Fig. 7: Theoretical calculations.

The free energy for the formation of *COOH (G(*COOH)), *H (G(*H)), and their energy difference (G(*COOH)-G(*H)) on Ag (111) plane at various (a) K⁺ concentrations (1/18 per H₂O molecule) and (b) *H coverages (1/9 per site). The light blue, purple, red, gray and white balls represent Ag, K, O, C and H, respectively.

Combined with controlled experiments and theoretical studies, we demonstrated that the presence of K⁺ in the acidic electrolyte controlled the onset of the CO₂RR, and that a moderate concentration of H⁺ effectively prevented the carbonation of CO₂ and CO₂RR active sites due to the precipitation of (bi)carbonate, ensuring sufficient CO₂ and CO₂RR active sites at the catalyst surface for high-efficiency CO₂RR at ampere-level current density.

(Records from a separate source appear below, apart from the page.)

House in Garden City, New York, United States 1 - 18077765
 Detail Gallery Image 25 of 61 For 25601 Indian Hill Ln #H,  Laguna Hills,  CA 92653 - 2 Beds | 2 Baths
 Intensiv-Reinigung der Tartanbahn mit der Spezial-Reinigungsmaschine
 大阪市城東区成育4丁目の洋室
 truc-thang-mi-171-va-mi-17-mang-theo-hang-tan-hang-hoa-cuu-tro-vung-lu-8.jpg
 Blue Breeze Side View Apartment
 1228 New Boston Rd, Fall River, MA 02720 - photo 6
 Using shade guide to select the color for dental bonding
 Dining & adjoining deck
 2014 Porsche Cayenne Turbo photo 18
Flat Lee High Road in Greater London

Thus, by optimizing the K⁺ and H⁺ concentration and CO₂ flow rate in a strong acidic electrolyte, a high CO FE > 95% at 4.5 A/cm² and >200 h of stability testing at 2 A/cm² are achieved. In addition, by limiting the availability of input CO₂, the CO₂ SPCE for CO₂RR reached 87% at a high j of 2 A/cm², demonstrating remarkable CO₂ conversion capability. This study, therefore, provides a means for high-efficiency CO₂ conversion in strong acid by modulating catalyst microenvironments, with great potential for practical application.

Methods

Chemicals and materials

Ag powder (99.9%, 50 nm) was purchased from Ningbo Jinlei Nano Materials Co., Ltd. Polyetherimide (PEI) was purchased from Saudi Basic Industries Corporation (SABIC). N-Methyl-2-pyrrolidone (NMP), sulfuric acid (H₂SO₄), potassium sulfate (K₂SO₄), potassium bicarbonate (KHCO₃), potassium chloride (KCl) and potassium hydroxide (KOH) were purchased from Sinopharm Chemical Reagent Co., Ltd. Nafion 117 proton exchange membranes (PEMs) were purchased from DuPont. All chemicals were used as received without further purification. Electrolyte solutions were prepared using 18.2 MΩ H₂O (ultrapure water, from Master-S30UVF water purification system).

Catalyst preparation

Ag hollow fiber (Ag HF) was fabricated by a combined phase-inversion/sintering process (Supplementary Fig. 1)³⁷. Briefly, commercially available polyetherimide (PEI, 24 g) was added to N-Methyl-2-pyrrolidone (NMP, 96 g), followed by ultrasonic treatment for 1 h to obtain a homogeneous and transparent solution. Then Ag powder (80 g) was added to the above solution. The as-obtained mixture was further treated by the planetary ball-milling (using 250 mL zirconia jar and ϕ5 mm zirconia balls) at 300 rpm for 24 h to form a uniform slurry. After cooling to room temperature, the slurry was vacuumed (1 mbar) for 5 h to remove bubbles and then to obtain a casting solution. Next, the casting solution was extruded through a spinning machine and shaped in a water bath via the phase-inversion process. After spinning, the as-formed tubes were kept in a water bath for 24 h to eliminate the solvent completely, followed by stretching and drying in ambient conditions with a humidity of ~28% for 48 h to obtain a green body. The green body was cut into appropriate lengths and then calcinated in an airflow (100 mL/min) at 600 °C (heating rate: 1 °C/min) for 6 h to remove PEI. After being naturally cooled to room temperature, the calcined green body was then reduced in a 5% H₂ (argon balance) flow (100 mL/min) at 300 °C (heating rate: 1 °C/min) for 3 h to obtain Ag HF.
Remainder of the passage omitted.